As feedback for the mailing list, if you want users to adopt your tool
you shouldn't attack them, ever -- if my user had posted a question and
gotten the response I got, they would have gone back to PVCS and
decided that the level of public support wasn't worth the trouble.
Now then, as to the nature of responses I got from Mr. King over my
innocent emails...
On Jan 7, 2005, at 2:24 PM, SteveKing wrote:
> Hamilton Link wrote:
>> Who do I ask questions about TortiseSVN? It seems to have a different
>> model of the universe than the command line client.
> [snip the rest]
>
> Ok, you did it. I can't believe there are such lazy people living in
> this world!
>
> You've sent the exact same message to the Subversion mailing list. I
> answered you there. Obviously, reading answer mails is too much work
> for you. If not reading, then definitely trying to understand them.
> And then, to top even that, you just _forward_ the same message to
> this list here. You don't even bother to write a new message which
> would show us that you read the answer mails you got from the
> Subversion mailing list.
>
> Do you really expect us to answer you?
> If you want an answer to your question, get off your butt and
> - go back to the Subversion mailing list and read the answers to your
> question there first.
> - *DO* what you're told in those mails.
> - Read the docs.
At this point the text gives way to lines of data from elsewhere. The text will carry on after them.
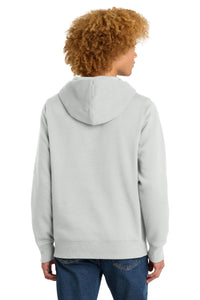 District  Perfect Weight  Fleece Hoodie DT1101 - Ash Back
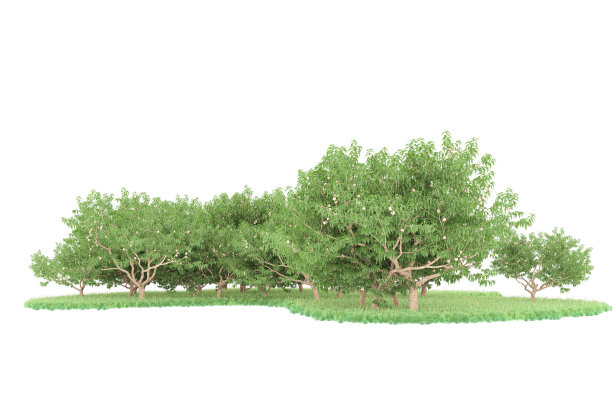 福雷斯特安排孤立的背景。三维渲染-插图描述图片下载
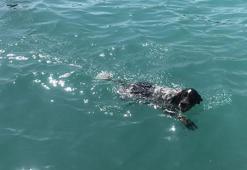 Mersin'de 'Paşa'nın deniz keyfi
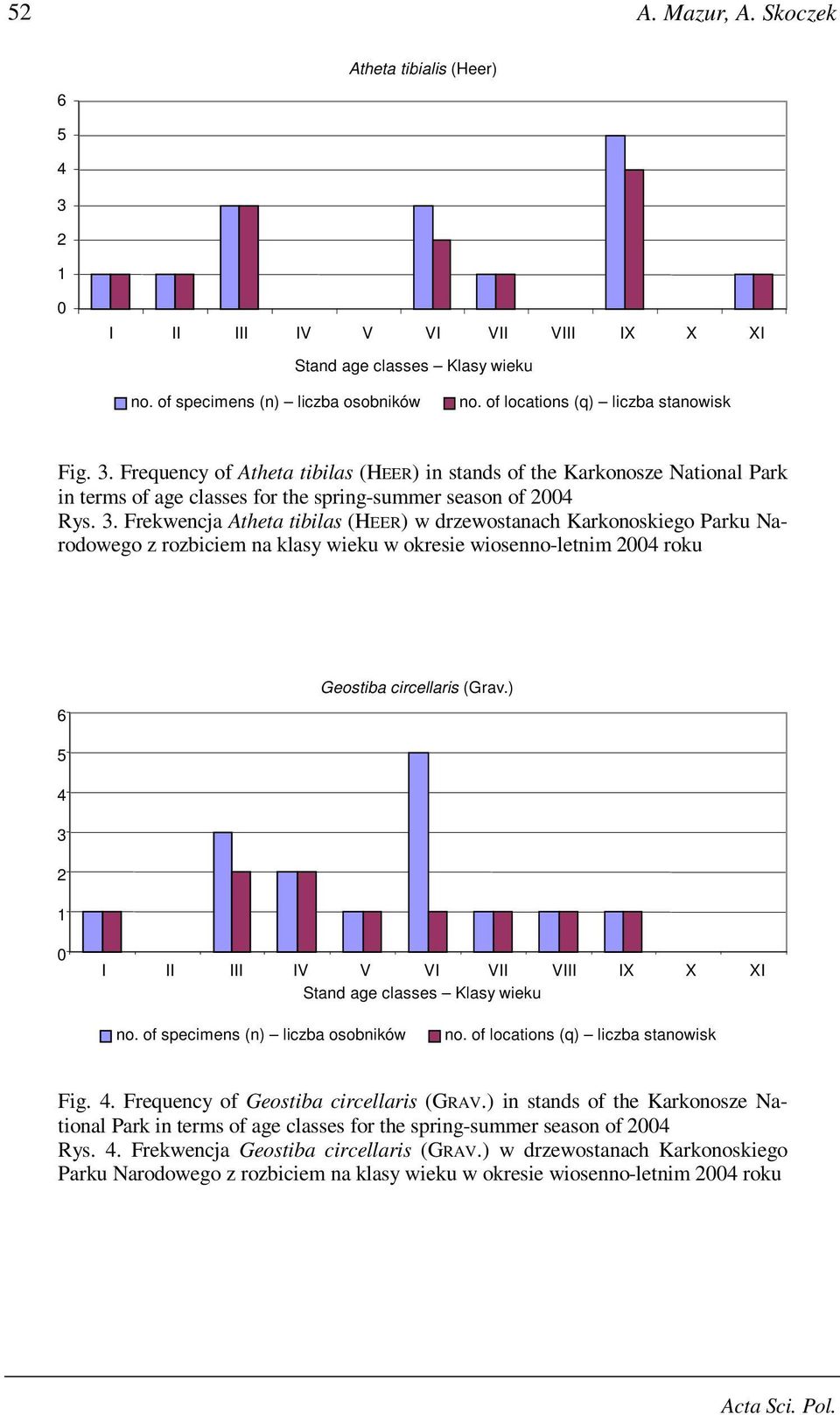 Frequency of Atheta tibilas (HEER) in stands of the Karkonosze National Park in terms of age classes for the spring-summer season of 2004 Rys. 3.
If you can't even do a checkout, then you just proove
> that you don't even care to read them!
> - I've already asked you on the Subversion mailing list what you mean
> with "read-only flag". You haven't answered that.
>
> Stefan
>
> --
> ___
> oo // \\ "De Chelonian Mobile"
> (_,\/ \_/ \ TortoiseSVN
> \ \_/_\_/> The coolest Interface to (Sub)Version Control
> /_/ \_\ http://tortoisesvn.tigris.org
>
OK, I looked at your email. Knowing that it was present, I did find it
and in fact you did not copy me on it, it was addressed only to the
users list and got buried in about 298 other emails in my "svn lists"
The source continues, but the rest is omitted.